The court began hearing Berezovsky's $5.5 billion lawsuit against Abramovich on October 4. Berezovsky seeks compensation for assets he was allegedly forced to sell to Abramovich between 2000 and 2003. The lawsuit was filed in 2007.
Boris Berezovsky claims in his lawsuit that Roman Abramovich intimidated him and his business partner Badri Patarkatsishvili into selling a number of assets, including a 43-percent interest in the Sibneft oil company and a stake in the Rusal aluminum group, at a fraction of their value.
Abramovich challenged the statement that Berezovsky owned stakes in these companies. Chelsea football club owner said he paid millions of dollars to Berezovsky only for political protection.

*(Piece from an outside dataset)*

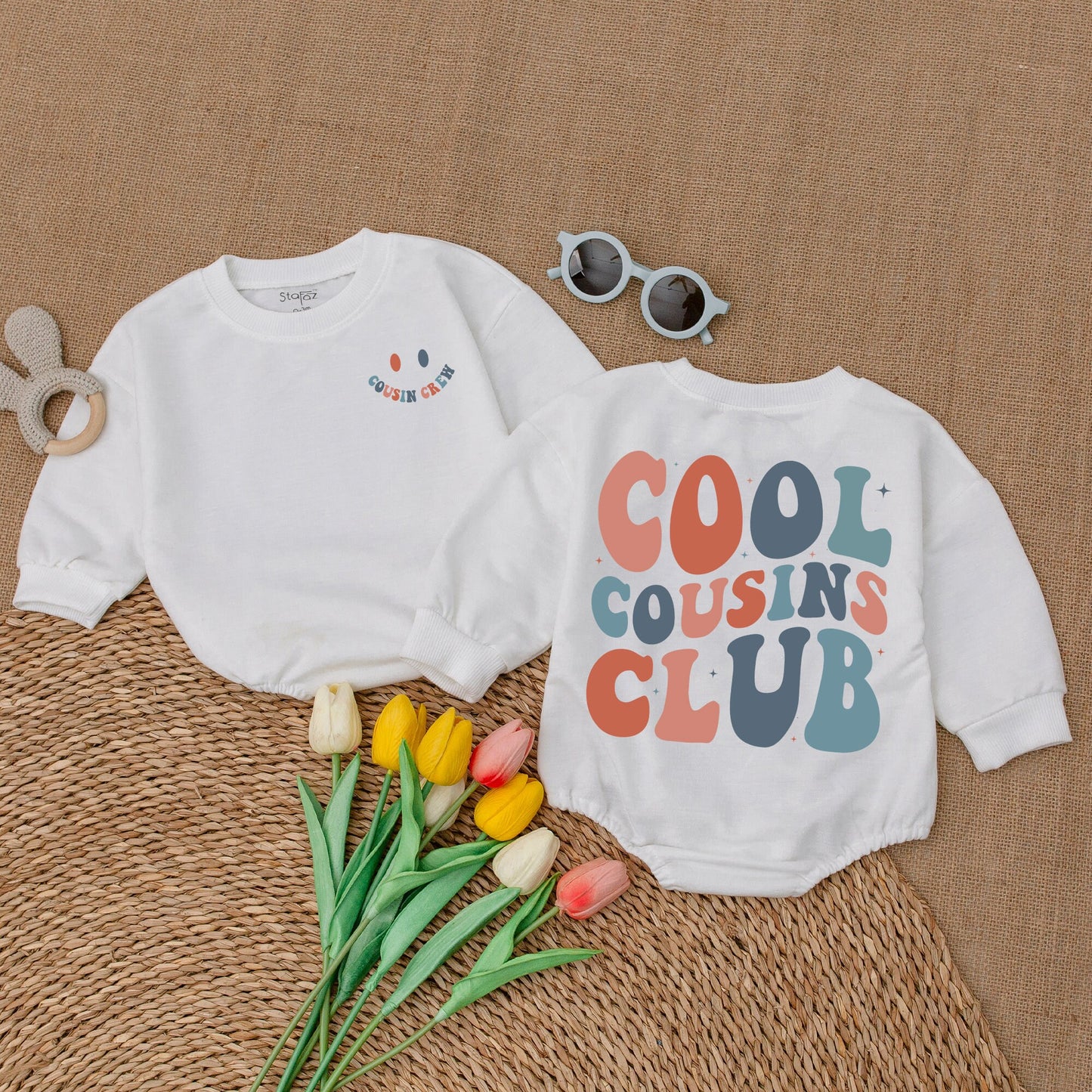 Cool Cousins Club Romper Bodysuit for Baby Girls Boys, Playful Smiley Face Cousin Crew Outfit, Soft Cotton Retro Family Reunion Matching Clothes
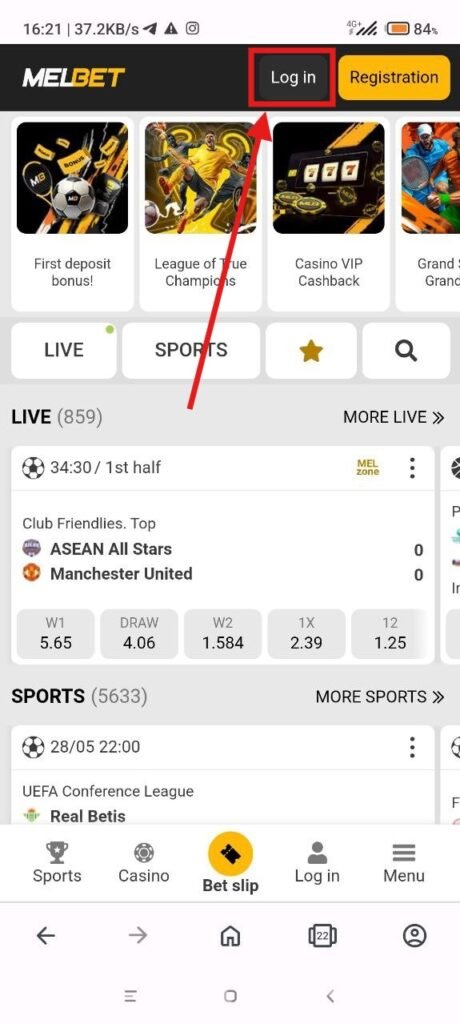 زر تسجيل الدخول إلى MelBet على الموقع الإلكتروني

Abramovich earlier agreed that Berezovsky played a key role in Sibneft acquisition and said he would have never gained control over the oil company without Berezovsky. Abramovich said Berezovsky was "a water breaker who settled all troubles."
One of the major issues occasionally addressed by the court when hearing witnesses in the trial is the lack of documents confirming parties' responsibilities in the Sibneft acquisition. Furthermore, the court has not yet succeeded in identifying the origin and purpose of payments made to Berezovsky. Meanwhile, both parties confirmed that
Berezovsky received money from Abramovich.
Jonathan Sumption, QC for Abramovich, who questioned Rachkov, asked him what was the basis for the partnership agreement under which one party committed to render some lobbying services, while the other party was virtually unable to prove whether these services were provided or not.
"I think in this case the parties well understood their duties. As Berezovsky is not a new man in business he knew what exactly he was to do when it comes to lobbying," Rachkov said.